(DATA begins)

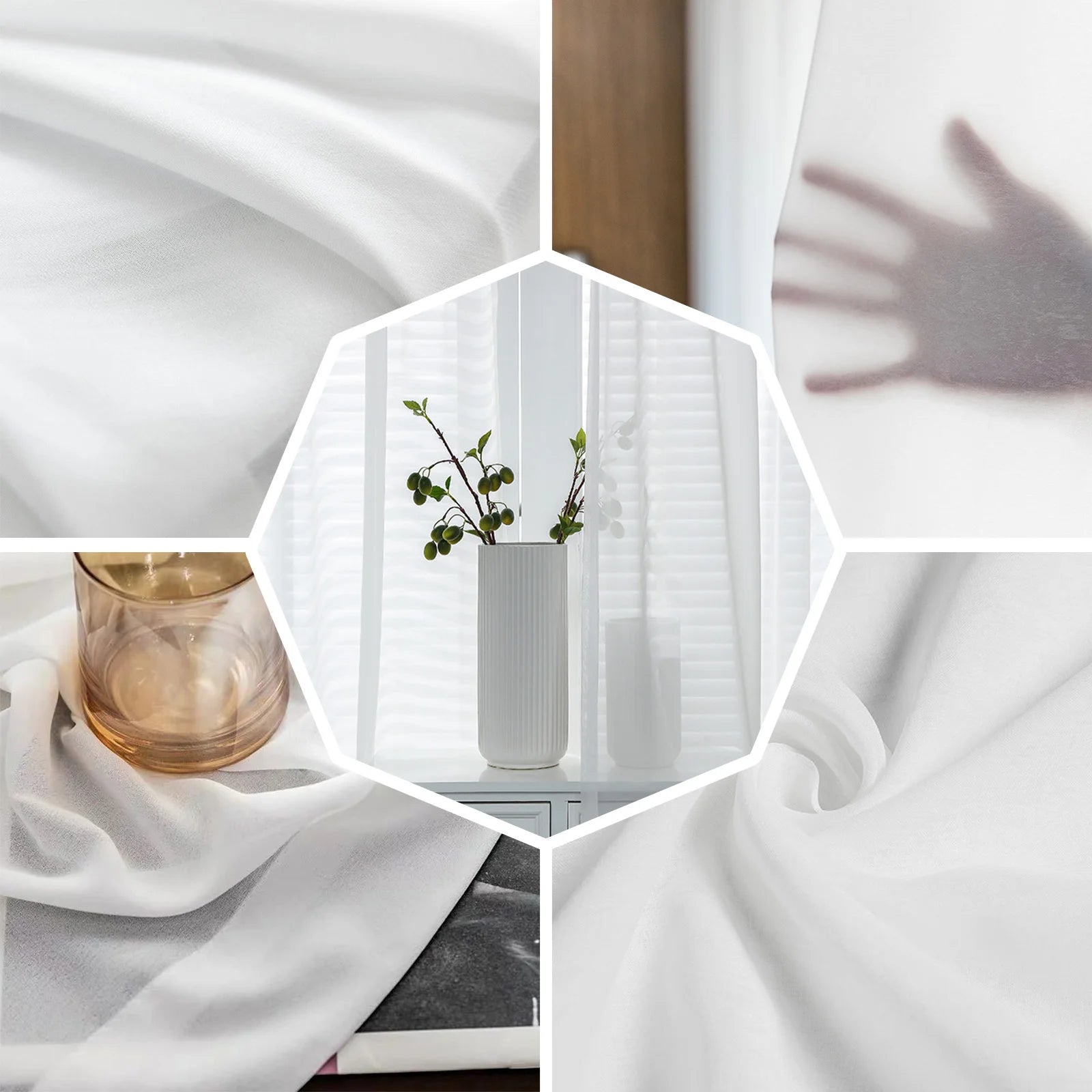 Festive Snowman Poinsettia Sheer Curtains for Christmas - Image 14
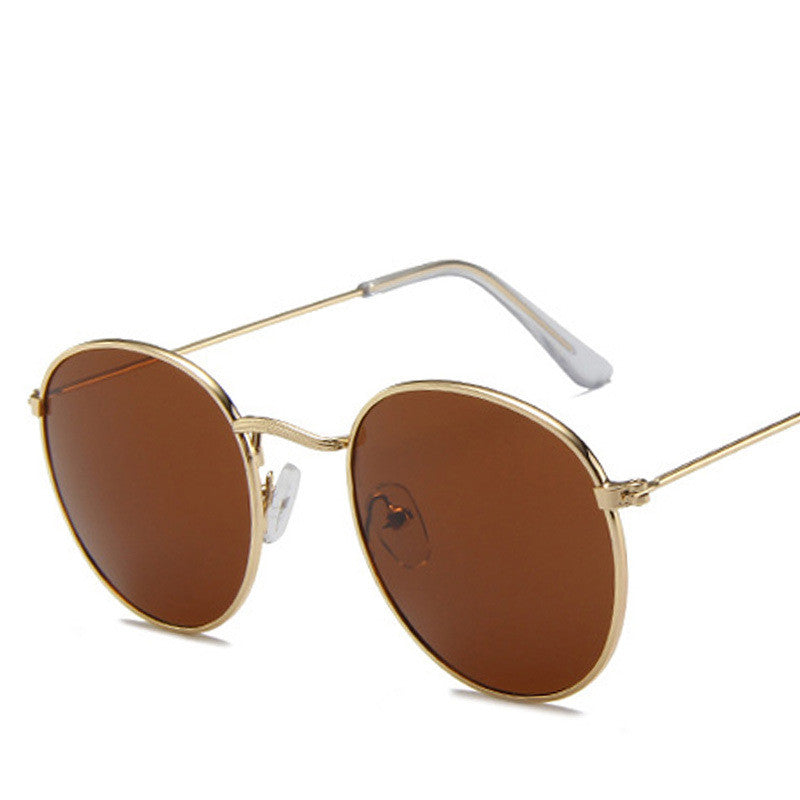 Round Frame Fashionable White Jingting Sunglasses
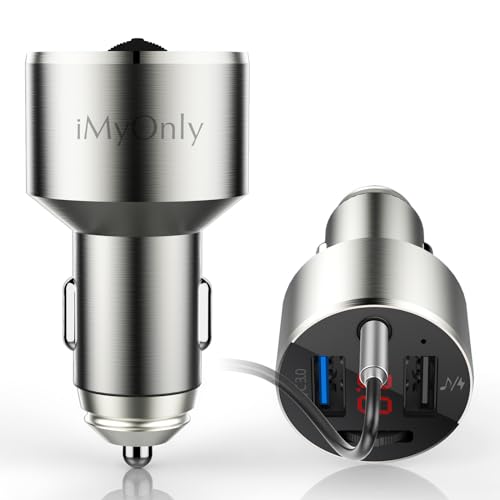 Adapter FM Transmitter Bluetooth 5.3,iMyOnly QC3.0 All-Metal Bluetooth AUX Adapter for Car Music Player, Wireless FM Radio Car Kit with Hands-Free Calling,Supporting USB Disk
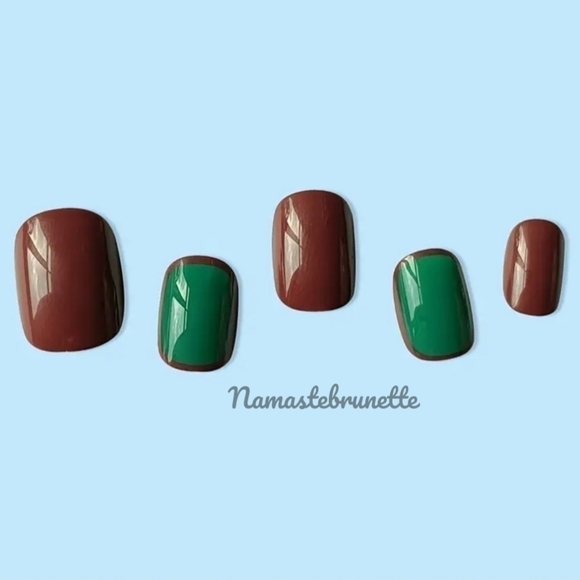 2/$16 Boho Brown Green Press On Nails - Picture 3 of 17
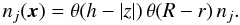 Mathematical equation: \begin{eqnarray} n_j (\vec{x}) = \theta(h-|z|)\,\theta(R-r)\,n_j. \label{eq:flat_disk} \end{eqnarray}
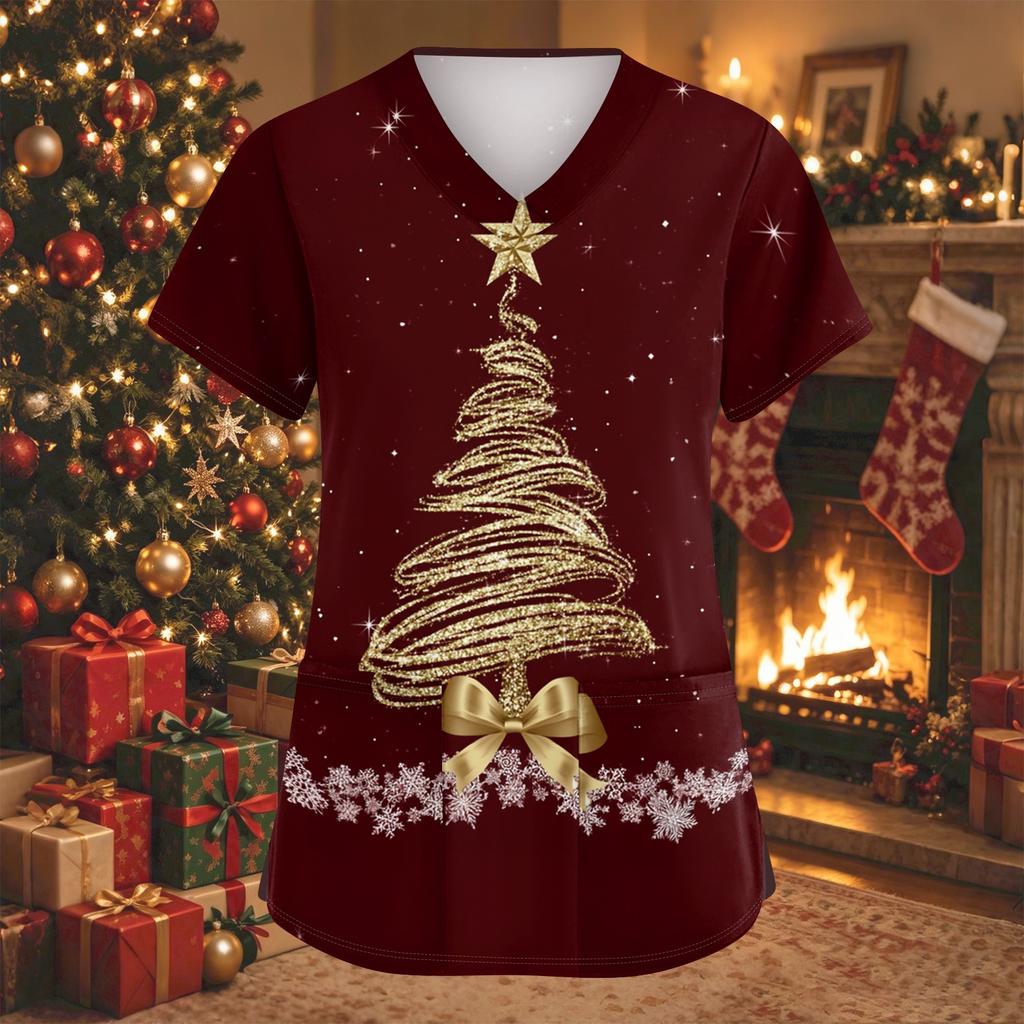 Women's Christmas Print V-Neck Short Sleeve Work Top with Pockets and Side Slits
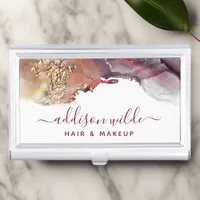 Purple And Gold Modern Art Liquid Watercolor Ink Business Card Case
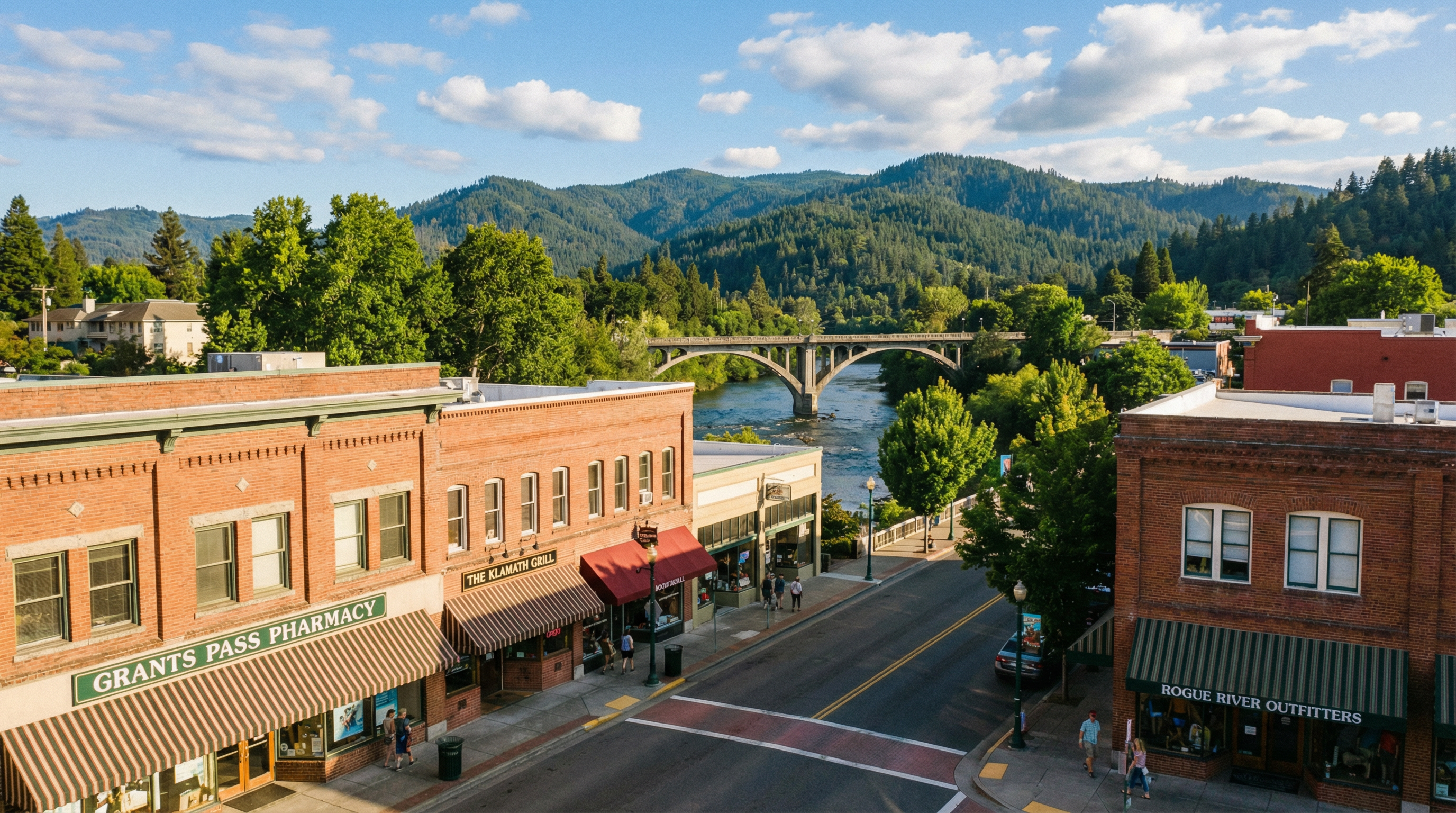 Downtown Grants Pass, Oregon with the Rogue River and mountains in the background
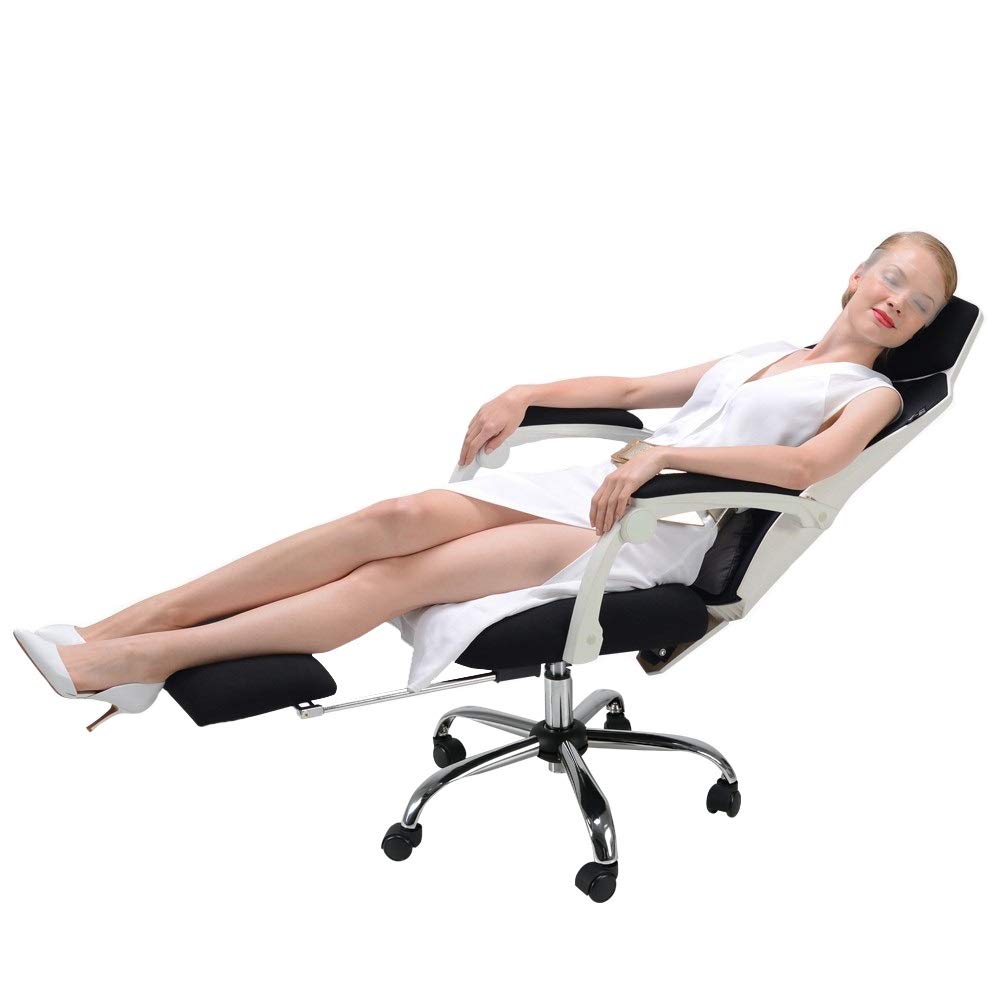 Ergonomic Racing Style Reclining Computer Chair with Adjustable Height, Lumbar Support & Breathable Mesh Back - Soft Foam Seat Cushion & Footrest - Perfect for Office, Gaming & Home Workspaces (White)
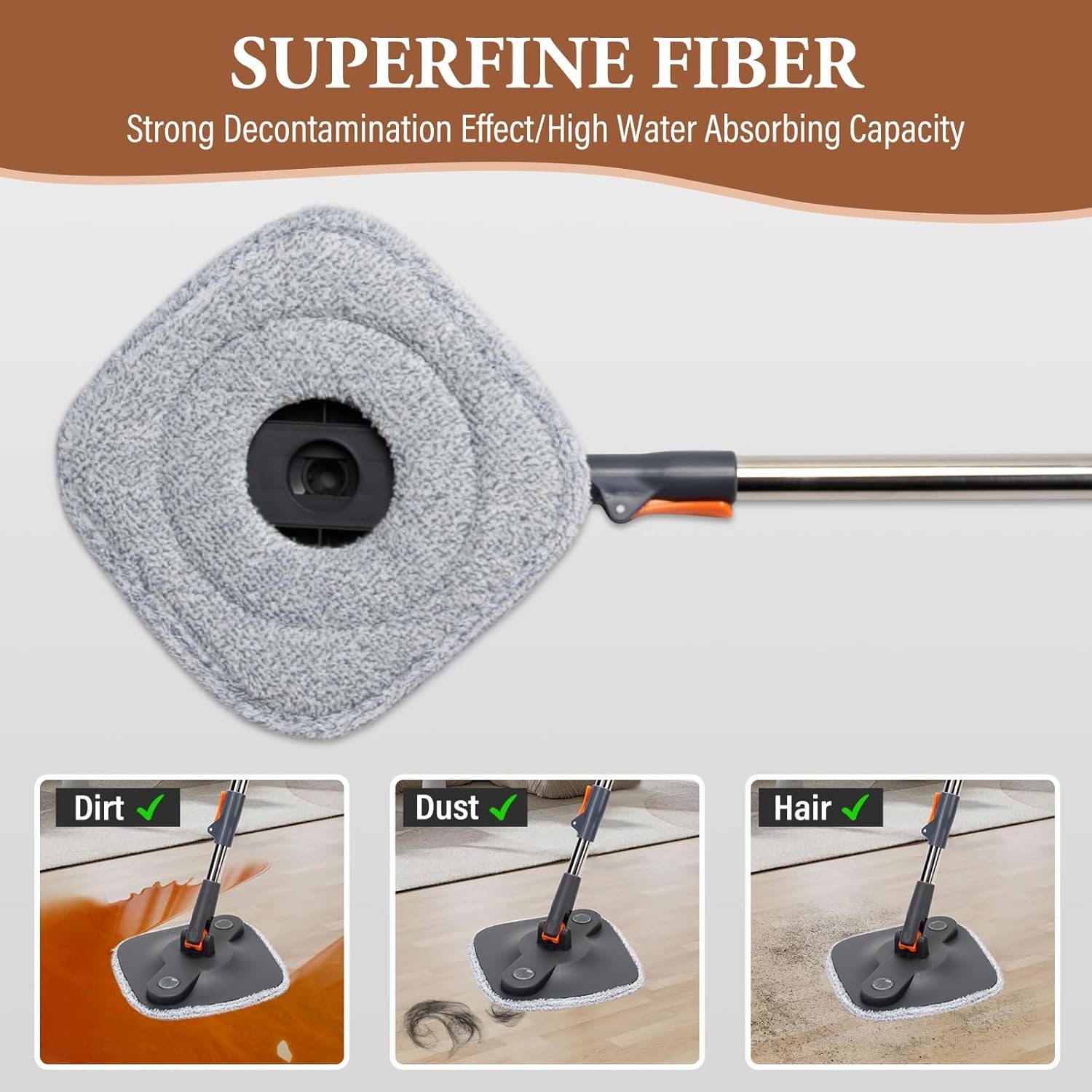 Spin Mop and Bucket Set with Self Separation Dirty and Clean Water System,Self Wringing 360° Rotating Square Clean Mop and Bucket with Wringer,Home Floor Tile Cleaning(3 Thick Mop Pads)(Black) - Image 4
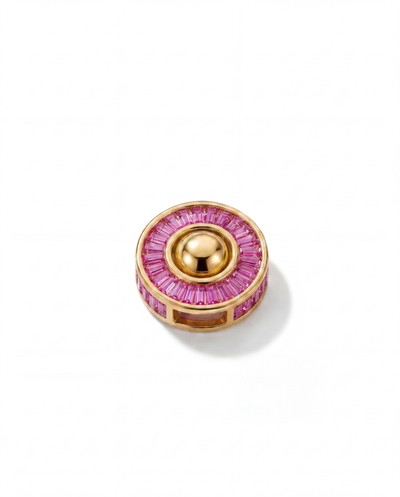 Baguette pink sapphire pendant in 18k gold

(DATA ends)

_EXERCISE AIM_:
Give again, word for word, the lines above from the first one through the one containing "2/$16 Boho Brown"; no pictures.

_TASK RESULT_:
 Festive Snowman Poinsettia Sheer Curtains for Christmas - Image 14
 Round Frame Fashionable White Jingting Sunglasses
 Adapter FM Transmitter Bluetooth 5.3,iMyOnly QC3.0 All-Metal Bluetooth AUX Adapter for Car Music Player, Wireless FM Radio Car Kit with Hands-Free Calling,Supporting USB Disk
 2/$16 Boho Brown Green Press On Nails - Picture 3 of 17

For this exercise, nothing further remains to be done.